On daily basis I get PDFs, where some has 1 page and some has 2 pages and I need to extract the total amount from that PDF, now if the pdf has too many list of orders then the total amount falls in second page but if the list of orders are less then the total amount is on the first page.

I extracted when the orders are many and the total amount is on Second Page, but when I debugged with less orders its not capturing the total amount.

Please suggest on how to tackle this issue.

Hi @8SEVEN ,
I think we can extract all PDF to get all text then split to get ‘total amount’
eg: regex
→ to detail, can you share your sample file?
regards,

Set up a Document Understanding project in UiPath with the “Form Extraction” or “Intelligent Form Extraction” scope, depending on the complexity of your documents.

And you can achieve this by document classification
Like

PDF Classification
– Classify Document (Classify as “First Page” or “Second Page”)

Data Extraction
– If Classified as “First Page”:
– Extract Total Amount from First Page
– If Classified as “Second Page”:
– Go to Second Page using “Next Page” activity
– Extract Total Amount from Second Page

Define your document types and train the model to understand the structure and layout of your PDFs. Make sure the model recognizes key fields like “Total Amount.”

Cheers @8SEVEN

Hello @Palaniyappan

Thank you for the help.

But now when I debug this its chooses the first document type ,rather I have followed the steps and all these in the below image are different type of documents of same format , just that some has 1 entry and some 2,3,4, and so on.

But when I debug it still chooses the first document type rather than checking all the templates that I have selected for these document types.
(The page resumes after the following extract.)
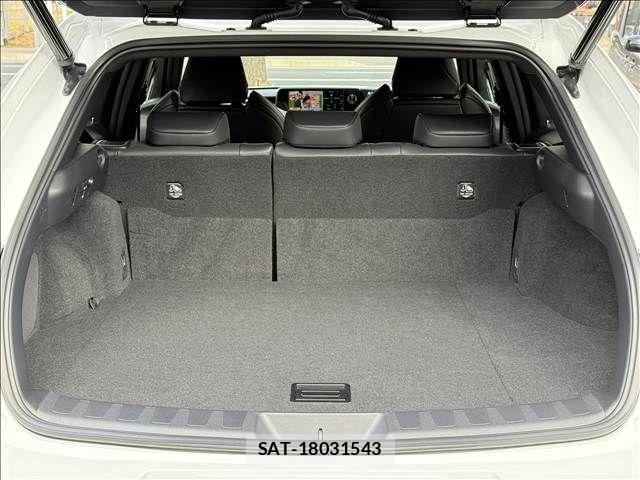 Lexus UX 2020-12 3833357-10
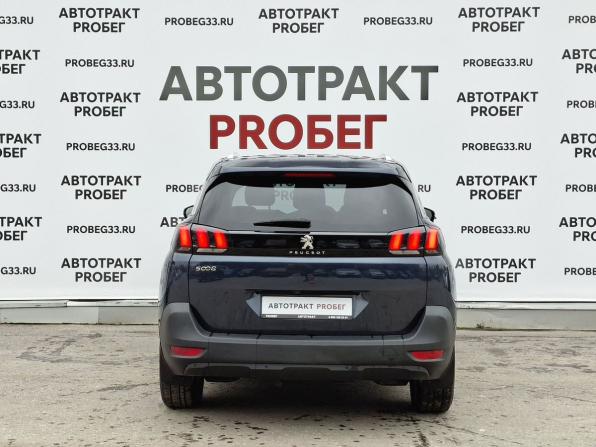 Peugeot 5008 II с пробегом 2018 года, цена 1 675 000 рублей, 165332 км, внедорожник, Автокод Объявления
In Data extraction , if I enter specific Document type id then it works but when I delete that and enter classification result as classifyoutput(0) then it chooses the first document type , please advise on how to handle this scenario.

Thanks

Hi @8SEVEN ,
If you are working with invoices, purchase orders or receipts then you can directly use public endpoints listed here in your DU project. Otherwise, you can also train your custom model through the AI center with adequate samples of documents. This is you no need to worry whether total is coming on first or second.